[SPARK-36086][SQL][3.1] CollapseProject project replace alias should use origin column name #33685

AngersZhuuuu · 2021-08-09T06:35:05Z

What changes were proposed in this pull request?

For added UT, without this patch will failed as below

[info] - SHOW TABLES V2: SPARK-36086: CollapseProject project replace alias should use origin column name *** FAILED *** (4 seconds, 935 milliseconds)
[info]   java.lang.RuntimeException: After applying rule org.apache.spark.sql.catalyst.optimizer.CollapseProject in batch Operator Optimization before Inferring Filters, the structural integrity of the plan is broken.
[info]   at org.apache.spark.sql.errors.QueryExecutionErrors$.structuralIntegrityIsBrokenAfterApplyingRuleError(QueryExecutionErrors.scala:1217)
[info]   at org.apache.spark.sql.catalyst.rules.RuleExecutor.$anonfun$execute$2(RuleExecutor.scala:229)
[info]   at scala.collection.LinearSeqOptimized.foldLeft(LinearSeqOptimized.scala:126)
[info]   at scala.collection.LinearSeqOptimized.foldLeft$(LinearSeqOptimized.scala:122)
[info]   at scala.collection.immutable.List.foldLeft(List.scala:91)
[info]   at org.apache.spark.sql.catalyst.rules.RuleExecutor.$anonfun$execute$1(RuleExecutor.scala:208)
[info]   at org.apache.spark.sql.catalyst.rules.RuleExecutor.$anonfun$execute$1$adapted(RuleExecutor.scala:200)
[info]   at scala.collection.immutable.List.foreach(List.scala:431)
[info]   at org.apache.spark.sql.catalyst.rules.RuleExecutor.execute(RuleExecutor.scala:200)
[info]   at org.apache.spark.sql.catalyst.rules.RuleExecutor.$anonfun$executeAndTrack$1(RuleExecutor.scala:179)
[info]   at org.apache.spark.sql.catalyst.QueryPlanningTracker$.withTracker(QueryPlanningTracker.scala:88)

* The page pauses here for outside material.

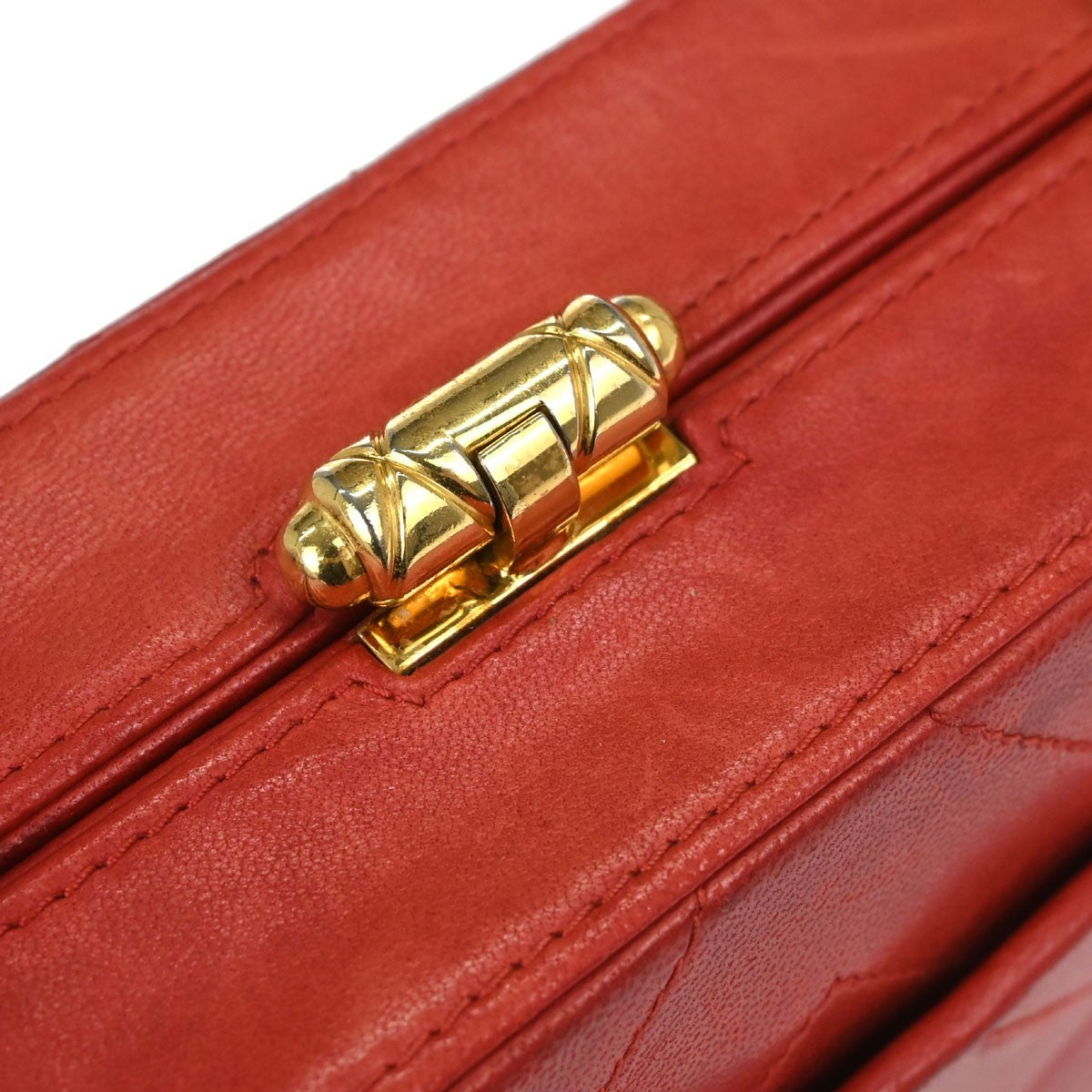 Chanel Camera Chevron Lambskin, Red, Leather, Handbag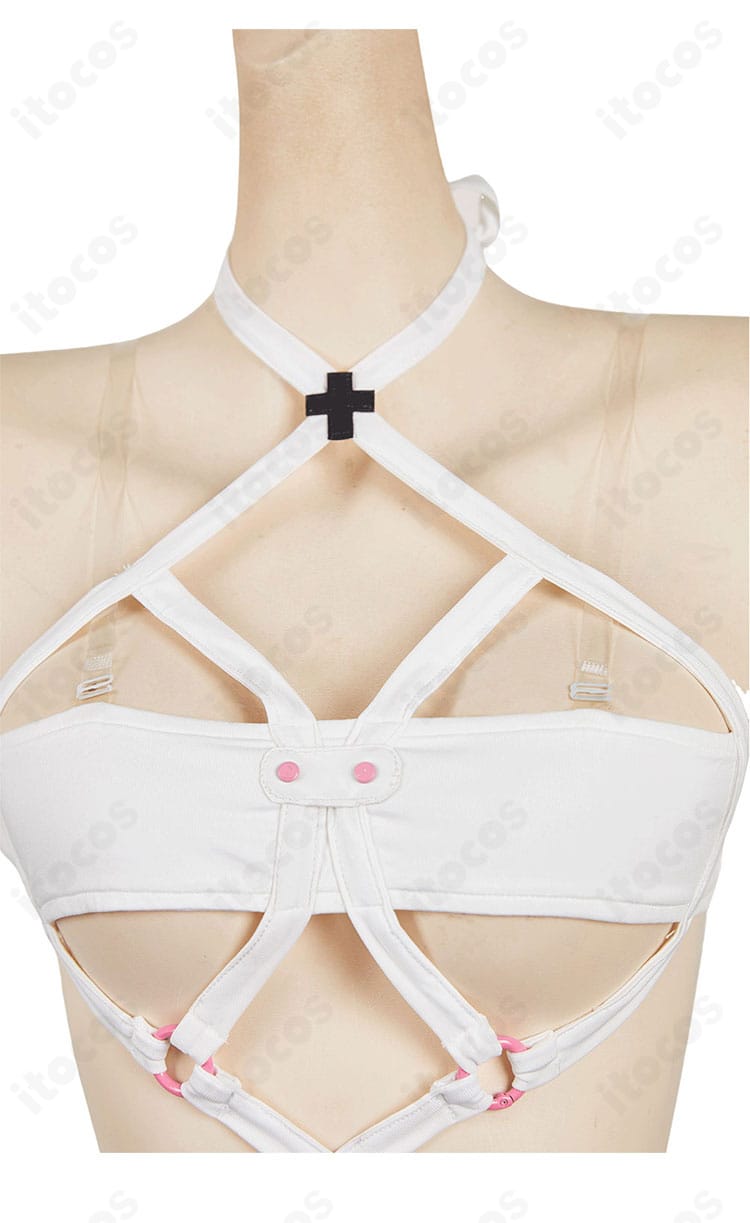 リリエル衛生小隊コスプレ 上衣ディテール。刺繍風パターンとアクセントパーツの近接写真。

CollapseProject project replace alias should use origin column name

Why are the changes needed?

Fix bug

Does this PR introduce any user-facing change?

No

How was this patch tested?

Added UT

…rigin column name

AngersZhuuuu · 2021-08-09T06:42:44Z

FYI @cloud-fan

SparkQA · 2021-08-09T07:05:45Z

Test build #142212 has started for PR 33685 at commit e06f441.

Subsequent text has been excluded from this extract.